▶ [TASK PROMPT]:
When you retype the entries, keep each one exact and leave out the pictures.

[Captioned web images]
*** Block opens ***
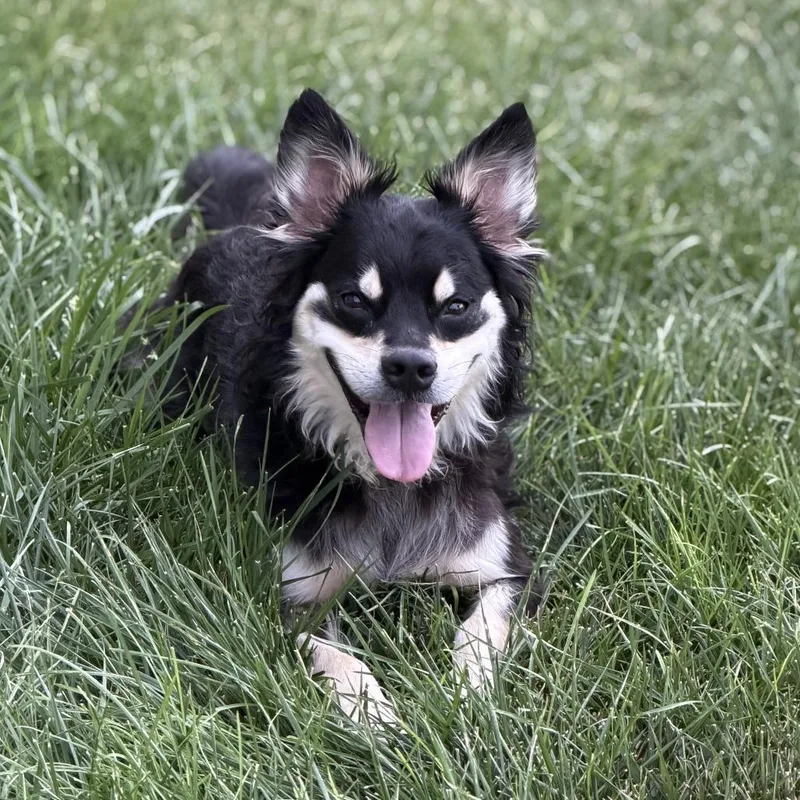 An adult medium-sized male Papillon dog named Zeke for adoption in Wichita, KS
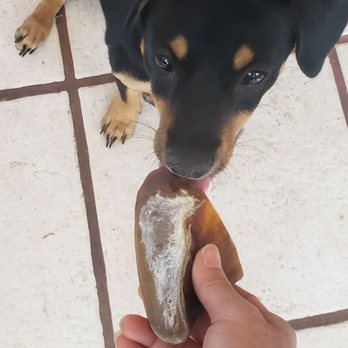 Healthy Paws Market - $2 for a hoof!! - Pet Stores Near Me - Mesa, Arizona Healthy Paws Market - $2 for a hoof!! - Pet Stores Near Me - Mesa, Arizona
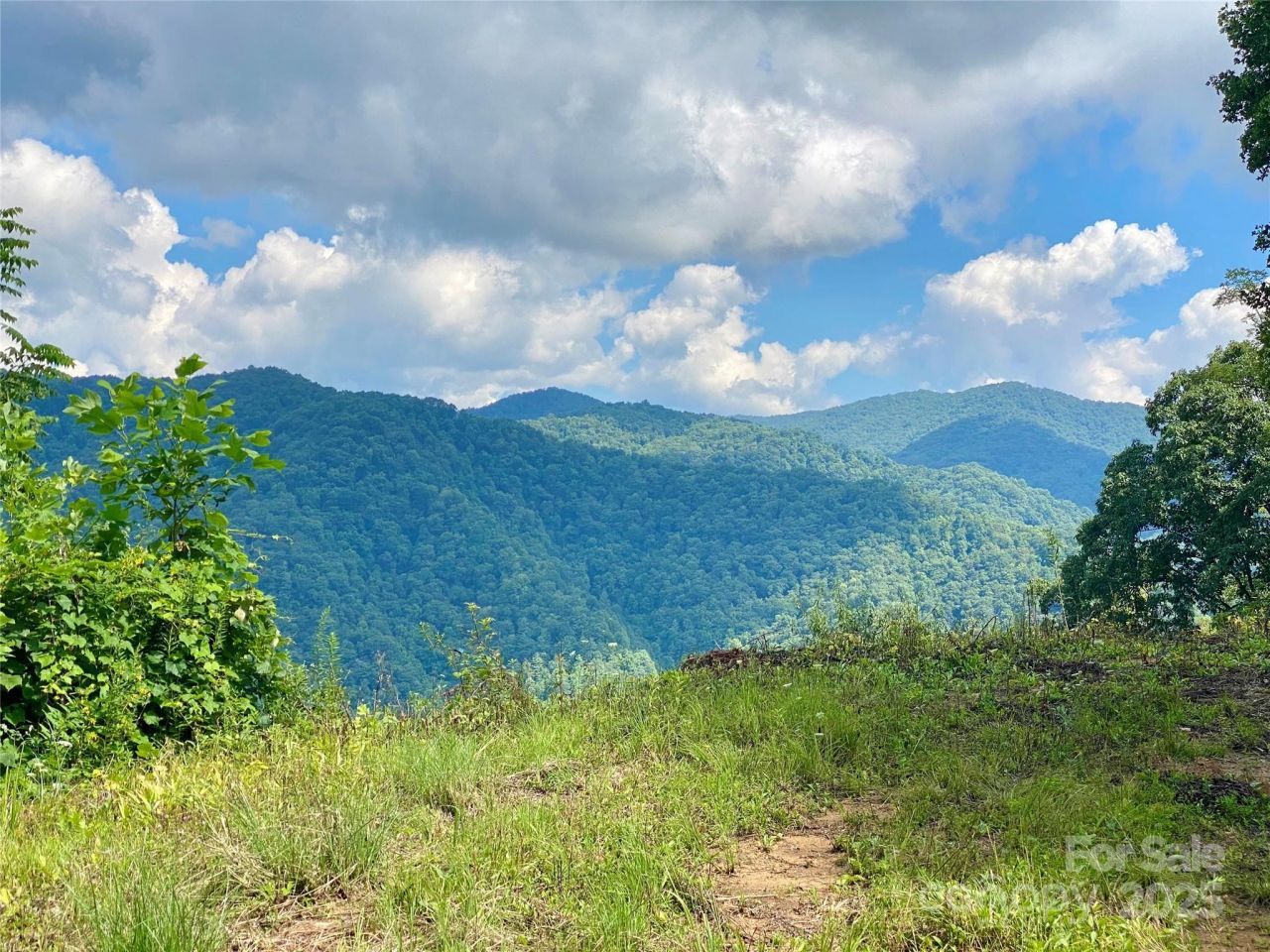 7858 Big Laurel Road, Marshall, NC 28753 Main Photo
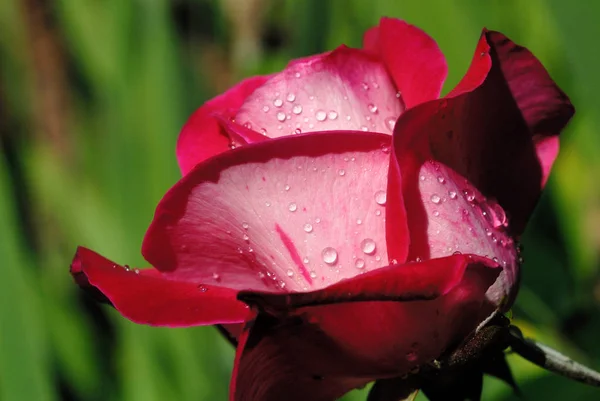 Rosa rosa con gotitas de agua primer plano. Profundidad superficial del campo — Foto de Stock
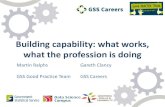 Building capability: what works, what the profession is doing · profession Underpinned by learning and development opportunities from formal to informal Different skills' families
*** Block closes ***
▶ [FINAL ANSWER]:
 An adult medium-sized male Papillon dog named Zeke for adoption in Wichita, KS
 Healthy Paws Market - $2 for a hoof!! - Pet Stores Near Me - Mesa, Arizona Healthy Paws Market - $2 for a hoof!! - Pet Stores Near Me - Mesa, Arizona
 7858 Big Laurel Road, Marshall, NC 28753 Main Photo
 Rosa rosa con gotitas de agua primer plano. Profundidad superficial del campo — Foto de Stock
 Building capability: what works, what the profession is doing · profession Underpinned by learning and development opportunities from formal to informal Different skills' families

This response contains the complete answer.